Ms Duckworth’s powers of persuasion were limited, however. The year after I was in her class, she asked for permission to stage Rent. She was denied.
She made me examine my idea of what it really meant to be a good teacher. Ms Richmond was whip smart, with a dry, sarcastic sense of humour, and she didn’t suffer fools at all. When you took her Media English class, you were along for the ride, and if you couldn’t keep up, well, that was probably your fault. Her classroom management skills consisted mostly of withering glances. I adored her, because she liked me and made me feel smart. I remember once while she was setting up a video she said, “This is a really good one, but I don’t think any of you are going to like it. Except for you, David.” She told me I should pursue journalism- she wasn’t the first- but I already had my heart set on writing fiction and creative non-fiction. How many people does a teacher need to reach in order to be a good teacher? Is one in twenty an acceptable ratio?
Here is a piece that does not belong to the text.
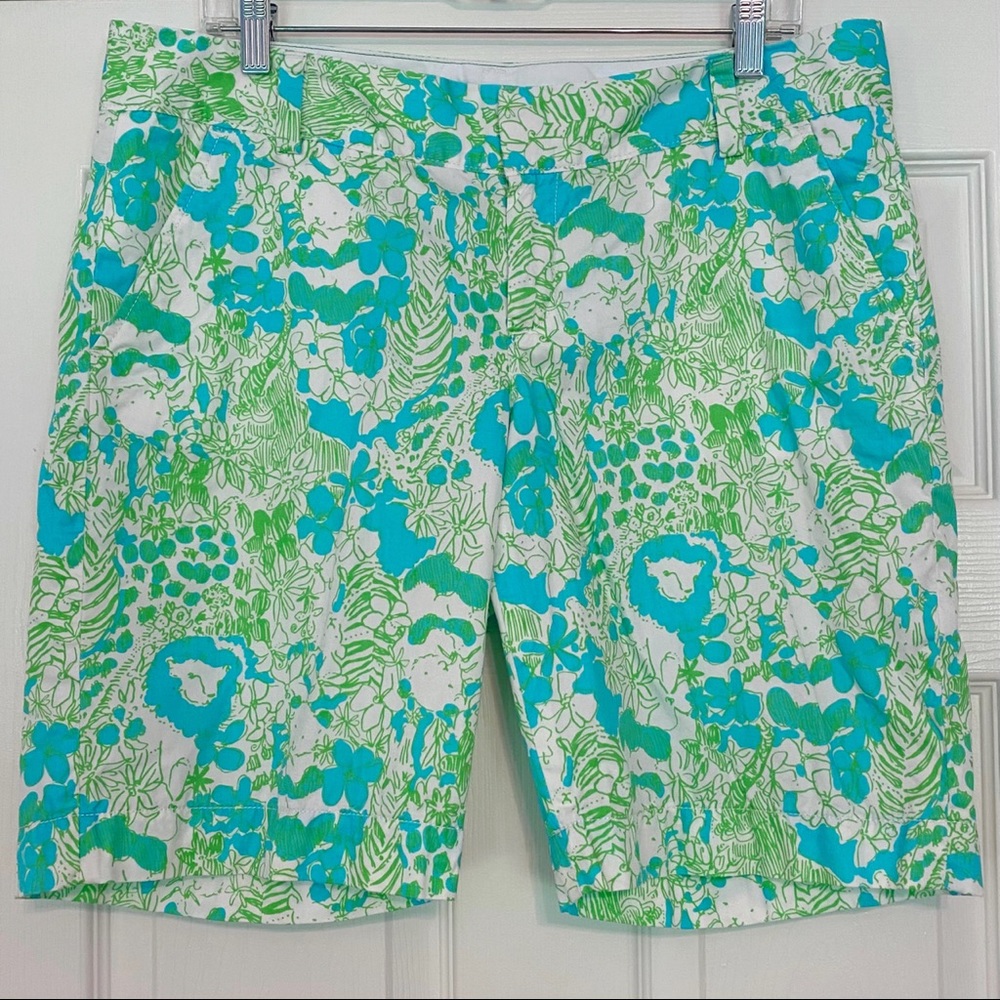 EUC LIKE NEW Lilly Pulitzer Chipper Shorts It’s A Zoo 12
Because Ms Richmond genuinely did reach me and changed the way I interact with movies and television. I remember going to see Fahrenheit 9/11 in theatres and recognizing it immediately as propaganda. I looked around at all the other faces in the dark and realized everyone else was accepting the movie without question. Ms Richmond was the one who’d given me the questions.
He was a legend in our school; one of the only teachers to have a bona fide cult following. He taught Latin and philosophy and had been doing so for thirty years by the time I had a class with him. By that point, Mr Lawrence was in his last semester and didn’t give a shit anymore. I could almost forgive that, considering the number of lives he’d transformed. Giving up on a handful of students at the end of your career is only a minor sin. But in that last semester he did something far worse.
There was a girl in my philosophy class who had serious ADHD and no filter at all. Everything she thought, she said. I thought she was kind of funny, but everyone else seemed to think she was a pain in the ass. Every time she said anything in class she was met with a torrent of abuse. Mr. Lawrence allowed it to happen and occasionally participated. And he knew she was disabled. She had an IEP, which is a legally binding list of accommodations given to every confirmed retard. I had one, too. All our teachers got a copy, and all our teachers had to play along.
But I guess her accommodations didn’t include protection from psychological violence, which when you think about it must be at least partially her fault. If she didn’t want it, she shouldn’t have been disabled. I was deeply disturbed by the situation and felt profoundly helpless. I don’t respond well to feelings of helplessness.
So thank you, Mr. Lawrence, you pompous, lazy asshole. You triggered a chain of events that led me to disability activism and, eventually, to starting this blog.